About this task »
Starting at the line with "Exclusieve vrijstaande villa", retype every remaining line of the records exactly. Do not include pictures.
Data to process: Begin
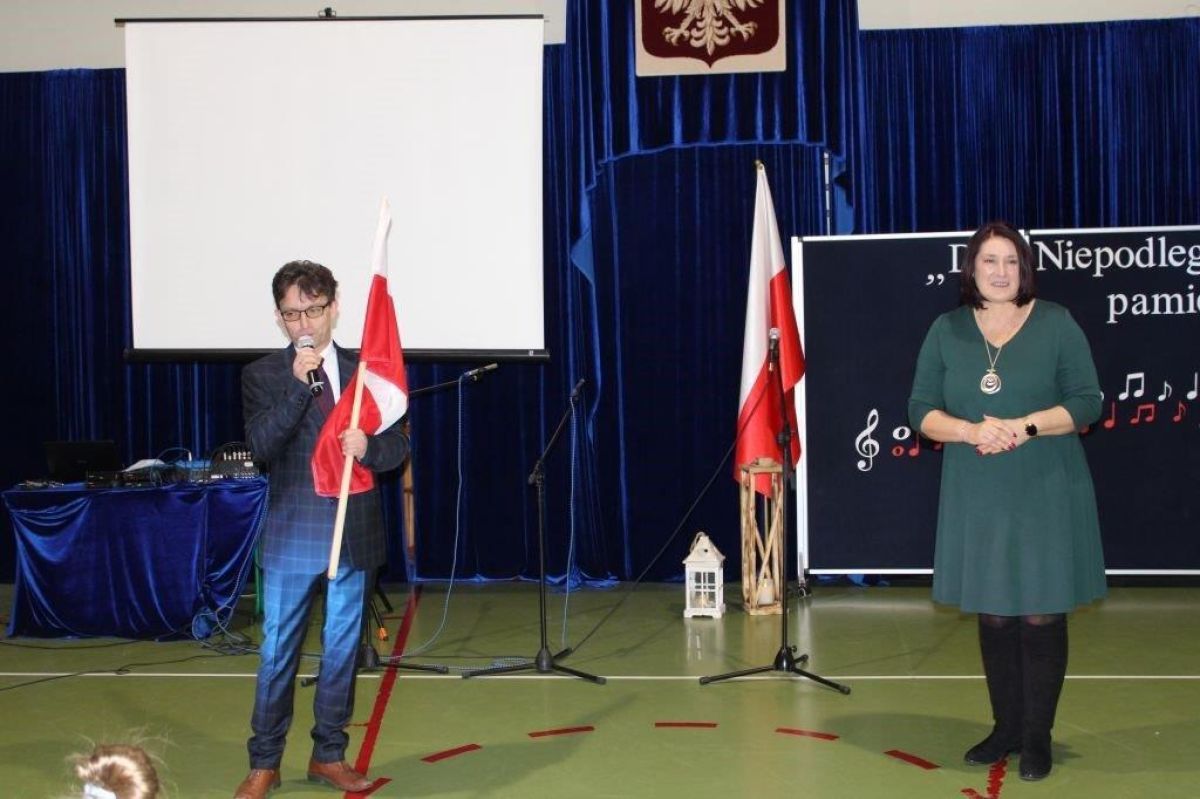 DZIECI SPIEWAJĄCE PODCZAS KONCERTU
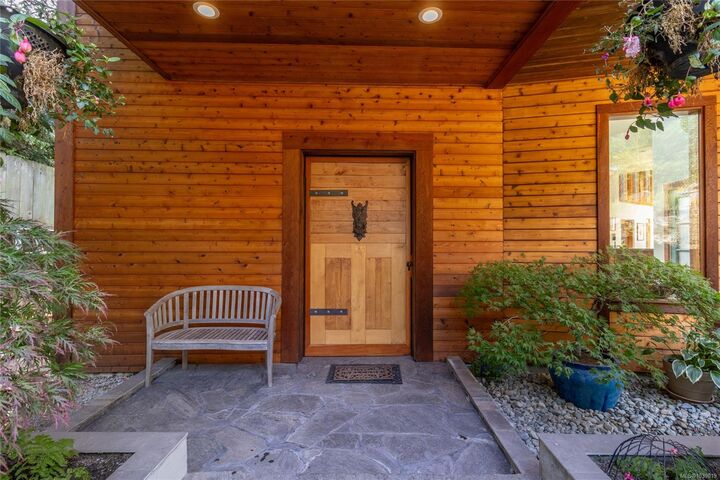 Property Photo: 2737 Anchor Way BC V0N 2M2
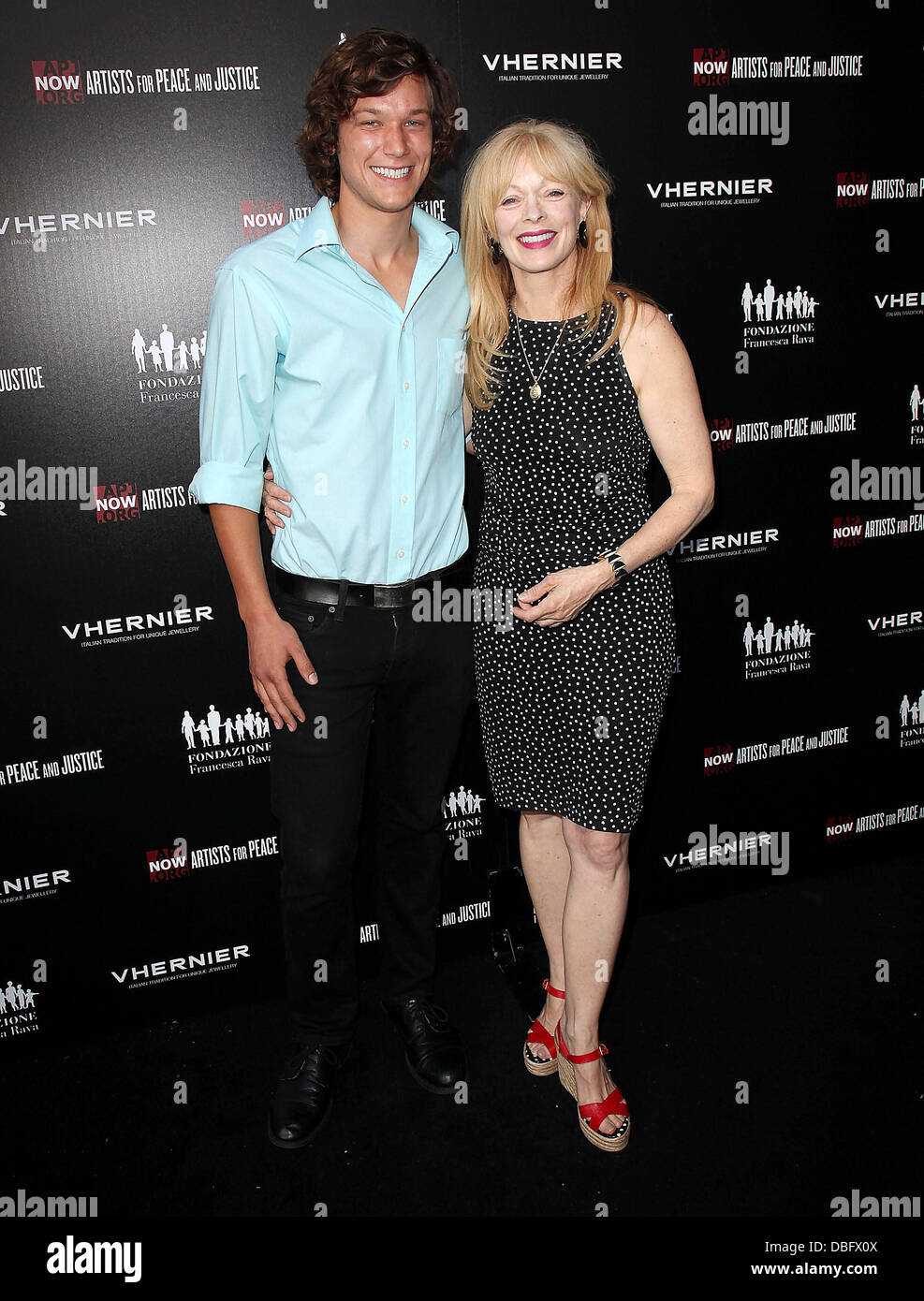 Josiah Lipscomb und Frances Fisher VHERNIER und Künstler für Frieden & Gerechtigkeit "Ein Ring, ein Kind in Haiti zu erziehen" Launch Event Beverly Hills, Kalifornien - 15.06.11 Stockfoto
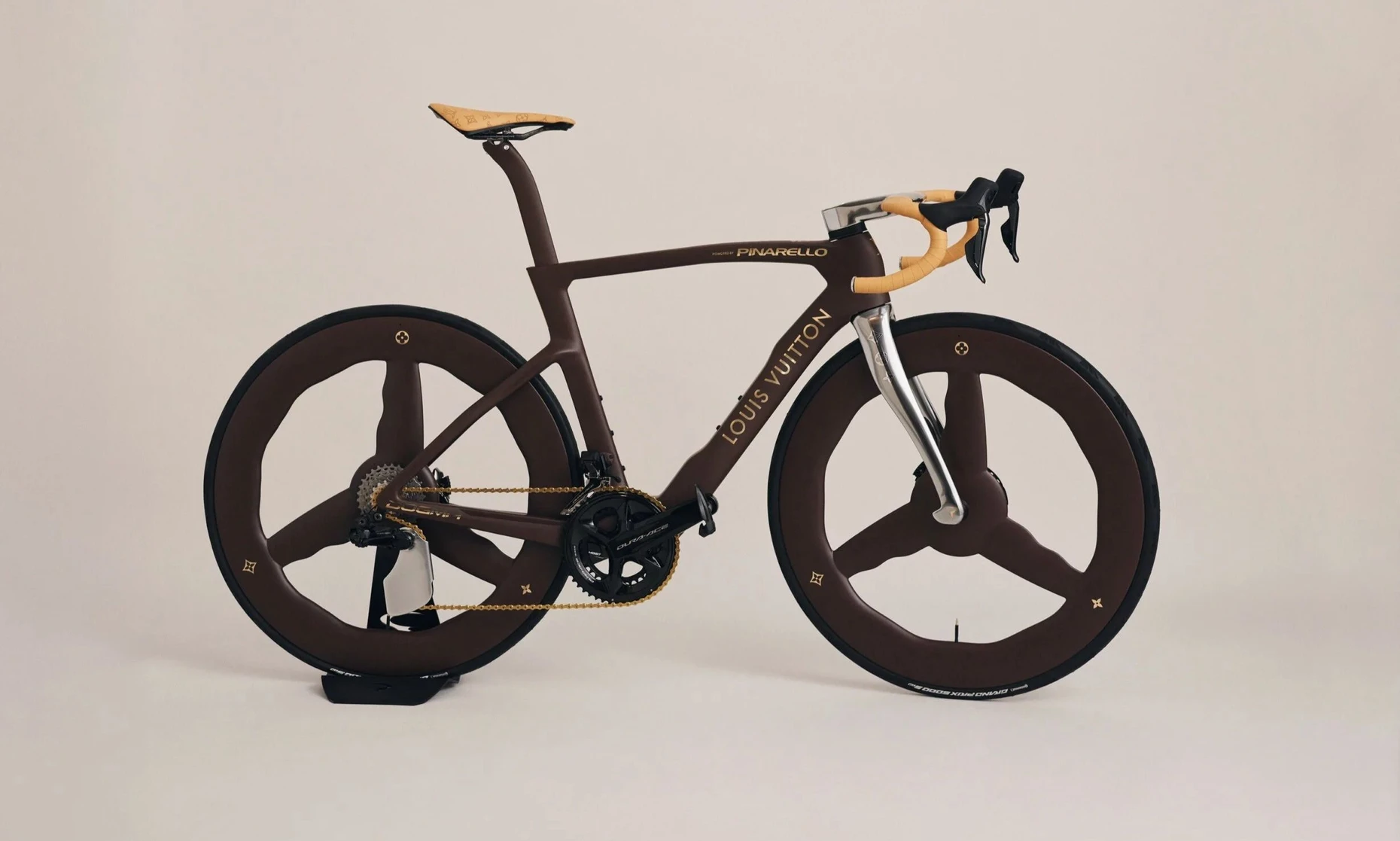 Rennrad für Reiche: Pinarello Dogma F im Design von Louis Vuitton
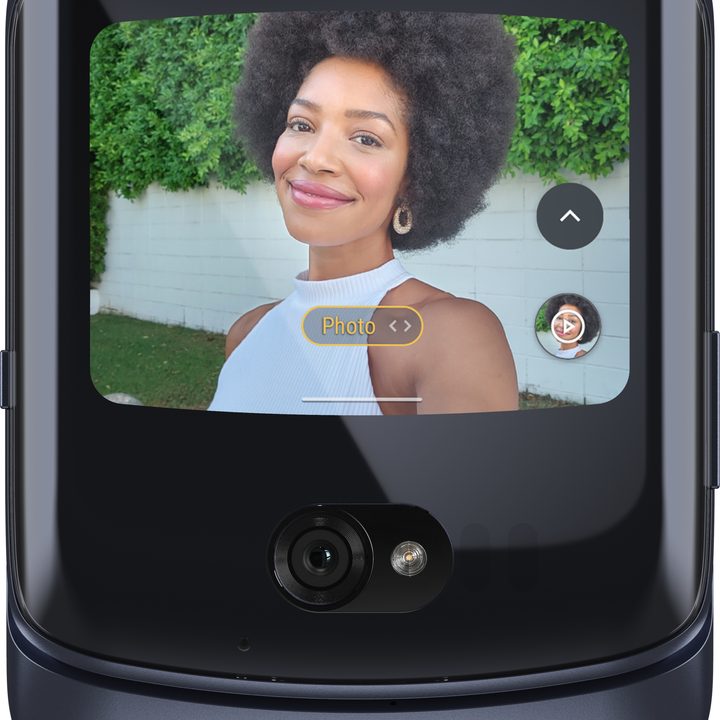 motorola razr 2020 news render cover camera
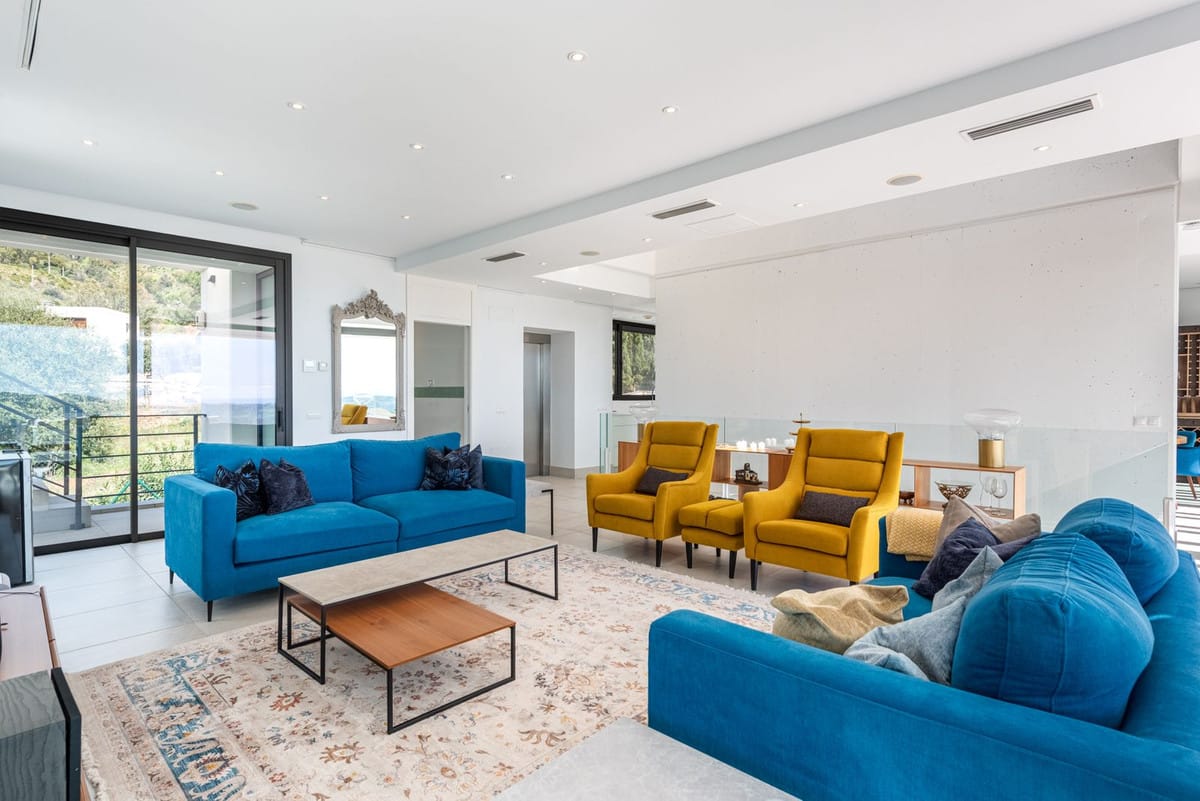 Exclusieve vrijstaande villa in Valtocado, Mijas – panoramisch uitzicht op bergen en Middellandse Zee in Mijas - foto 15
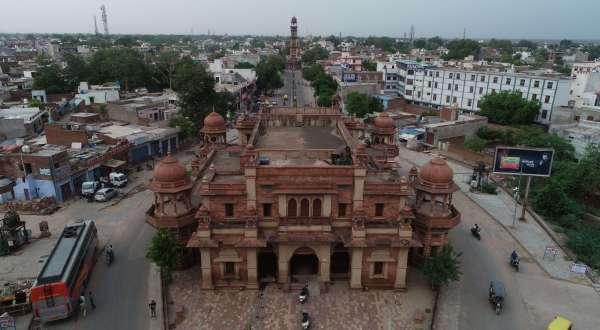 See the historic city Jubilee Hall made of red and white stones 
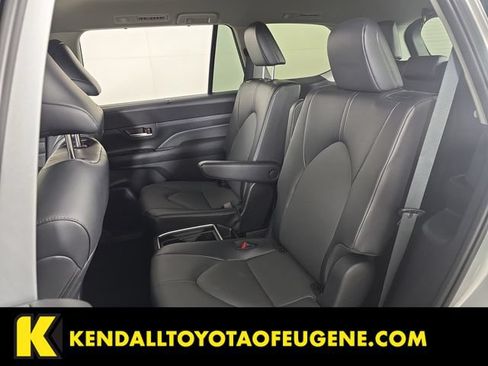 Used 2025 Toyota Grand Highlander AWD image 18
Data to process: End
Answer »
 Exclusieve vrijstaande villa in Valtocado, Mijas – panoramisch uitzicht op bergen en Middellandse Zee in Mijas - foto 15
 See the historic city Jubilee Hall made of red and white stones 
 Used 2025 Toyota Grand Highlander AWD image 18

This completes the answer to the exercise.